Deep neural networks are at the forefront of many advances in machine learning. But these advancements come at a steep cost computationally. With sometimes hundreds of millions, or even billions of parameters to continually adjust during training, these networks rely on specialized hardware to make the computation feasible.
The primary operation required to train a neural network is a matrix multiplication. Each individual operation is not especially expensive, but with the massive numbers of parameters to compute, proportionately massive parallelization of these operations is necessary. Graphics Processing Units (GPU) are well suited to the task, with many GPUs able to perform thousands of computations in parallel. Compare that with a Central Processing Unit (CPU), where a higher-end chip may have a few tens of cores.
SLIDE feed-forward and backpropagation (📷: S. Daghaghi et al.)
The problem with this situation is that GPUs are highly specialized in the types of computations that they are useful for and can come with some high price tags, so they are not nearly as prevalent as CPUs. This limits who is reasonably capable of training very large deep learning models to well-funded organizations, leaving small businesses and hobbyists out of all the fun.

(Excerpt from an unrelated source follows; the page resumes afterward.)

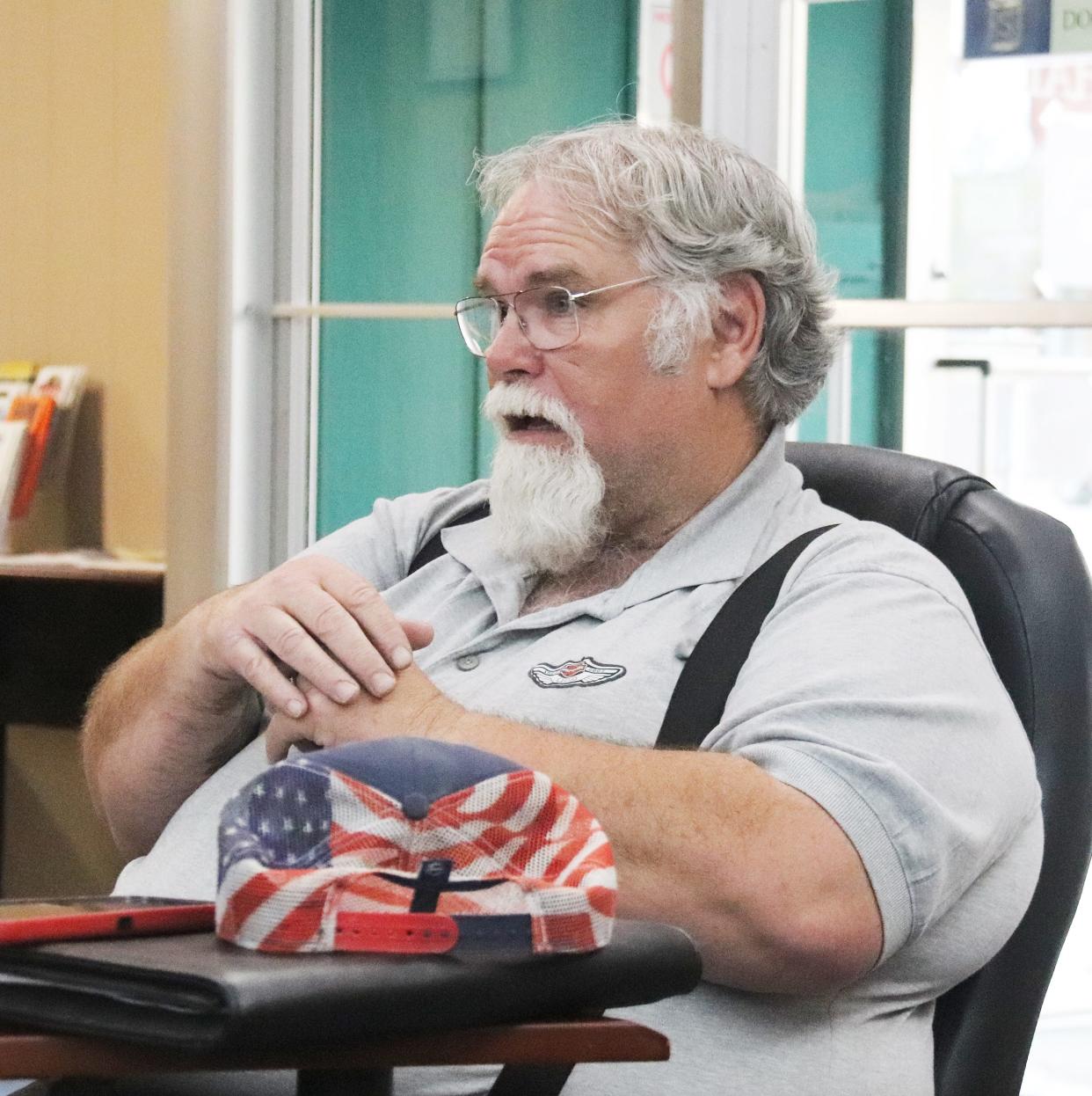 Dwayne Price, shown here at a Chenoa City Council meeting in April 2021, has been named to replace Joseph Bell as Streets Commissioner. Bell officially resigned from his position at the May 10 meeting. He took over from Price at this April 2021 meeting after winning the April 2021 election.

Computer scientists at Rice University are working to democratize machine learning with some algorithmic advancements that can allow CPUs to perform better than GPUs in deep learning model training. The team built upon the open source sub-linear deep learning engine (SLIDE) that recasts model training as a problem that can be solved with sparse hash table based back-propagation, rather than matrix multiplication. In their research, they uncovered ways in which the current implementation of SLIDE is less than optimal, and have proposed modifications that exploit technological advances available to modern CPUs.
Optimized vs. native SLIDE (📷: S. Daghaghi et al.)
To take advantage of CPU memory caching, the team modified the SLIDE algorithm to store all data for a given batch in a contiguous vector, rather than using a number of different vectors, which prevents many unnecessary cache misses. Another clever trick the team employed makes use of the ever-widening size of CPU registers. In particular, they are exploiting 512 bit registers by loading multiple 32 bit data points into a single register, then performing a single operation, such as an add, on all data points simultaneously.
These enhancements to SLIDE have resulted in deep learning algorithms, with hundreds of millions of parameters, that train a very impressive fifteen times faster on CPUs than they do on GPUs. Reducing the cost of entry for large-scale machine learning training has the potential to increase innovation on many fronts — it will be interesting to watch this, and other algorithmic enhancements, in the years to come.